Scary results! However, I would highly recommend to use the products that we will actually be using, instead of using upstream ones.

That said, I would suggest to test the current COMP RPM couchdb package against the wmagent-couchdb in CMSKubernetes. Ideally these tests should be performed in the very same environment as well (including the node). Otherwise it is a hard comparison to digest.

vkuznet commented 5 months ago

I setup CouchDB (3.2.2) on one of my VM using COMP RPMs, in fact I simply used rsync to copy /data/srv area from one of the WMAgent CERN nodes. Then, I rerun the hey test against local CouchDB. The results was 2318 req/sec. Then, using wmagent-couchdb image I got similar results 2379 req/sec.

To sum up:

first test was done using stock CouchDB 3.3.3 on RH9 nodes
results:
- using local couchDB almost 3700 req/sec
- using couchdb image below 200 req/sec
second test was done using COMP RPM CouchDB 3.2.2 and wmagent-couchdb image on CC7 node
results:
- using local CouchDB we got 2318 req/sec
- using wmagent-couchdb docker image we got 1973 req/sec

At this step, I do not know if slowness of stock CouchDB image (3.3.3) is due to running it on RH9 or because of image content itself.

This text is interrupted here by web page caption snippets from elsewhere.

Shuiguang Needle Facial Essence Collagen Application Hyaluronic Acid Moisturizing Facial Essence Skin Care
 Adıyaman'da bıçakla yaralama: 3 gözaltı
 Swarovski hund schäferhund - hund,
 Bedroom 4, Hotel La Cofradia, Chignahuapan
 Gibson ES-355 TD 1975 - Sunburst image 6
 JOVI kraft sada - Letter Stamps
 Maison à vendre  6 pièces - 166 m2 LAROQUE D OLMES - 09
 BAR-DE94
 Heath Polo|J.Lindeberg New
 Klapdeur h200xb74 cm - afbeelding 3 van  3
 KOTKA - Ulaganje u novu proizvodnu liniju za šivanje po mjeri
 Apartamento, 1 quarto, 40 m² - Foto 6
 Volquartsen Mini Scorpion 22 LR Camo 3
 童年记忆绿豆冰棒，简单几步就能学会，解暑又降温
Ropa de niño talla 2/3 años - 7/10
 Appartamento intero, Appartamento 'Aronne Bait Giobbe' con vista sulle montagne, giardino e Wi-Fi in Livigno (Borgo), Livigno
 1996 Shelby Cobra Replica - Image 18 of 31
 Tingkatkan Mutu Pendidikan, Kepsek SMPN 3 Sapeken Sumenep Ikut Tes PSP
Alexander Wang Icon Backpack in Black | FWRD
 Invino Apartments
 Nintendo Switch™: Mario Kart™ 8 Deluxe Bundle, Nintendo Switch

But I'm happy to see comparable performance on CC7 using local CouchDB installed via RPM and our wmagent-couchdb docker image.

vkuznet commented 5 months ago

Another test performed with wmagent-couchdb image on RH9 node:

docker image without host network


# CouchDB server
docker run -it -e COUCHDB_USER=admin -e COUCHDB_PASSWORD=password -p 5984:5984 --volume /wma/vk/CouchDB/data:/opt/couchdb/data -v /wma/vk/secrets:/data/admin/wmagent registry.cern.ch/cmsweb/wmagent-couchdb

hey client

/afs/cern.ch/user/v/valya/public/hey_linux -n 200 -c 50 -m POST -H "Content-Type: application/json" -D /wma/vk/CouchDB/wm.json -disable-keepalive -disable-compression http://admin:password@localhost:5984/test

Results (3 iteration of hey client):
- 1282 req/sec
- 1620 req/sec
- 1640 req/sec

Average: 1514 req/sec

2. docker image with host network (use `--host=net` option):

CouchDB server

docker run --host=net -it -e COUCHDB_USER=admin -e COUCHDB_PASSWORD=password -p 5984:5984 --volume /wma/vk/CouchDB/data:/opt/couchdb/data -v /wma/vk/secrets:/data/admin/wmagent registry.cern.ch/cmsweb/wmagent-couchdb

hey client

/afs/cern.ch/user/v/valya/public/hey_linux -n 200 -c 50 -m POST -H "Content-Type: application/json" -D /wma/vk/CouchDB/wm.json -disable-keepalive -disable-compression http://admin:password@localhost:5984/test


Results (3 iteration of hey client):
- 1657 req/sec
- 1953 req/sec
- 1832 req/sec

Average: 1814 req/sec

### Summary
There is a slight degradation of performance (based on HTTP POST requests) between container network and using host network where the later provides more throughput. But in both cases the performance is quite decent, above 1500 req/sec, and I doubt the difference (around 300 req/sec higher in case of host network) will make any impact on WM operations.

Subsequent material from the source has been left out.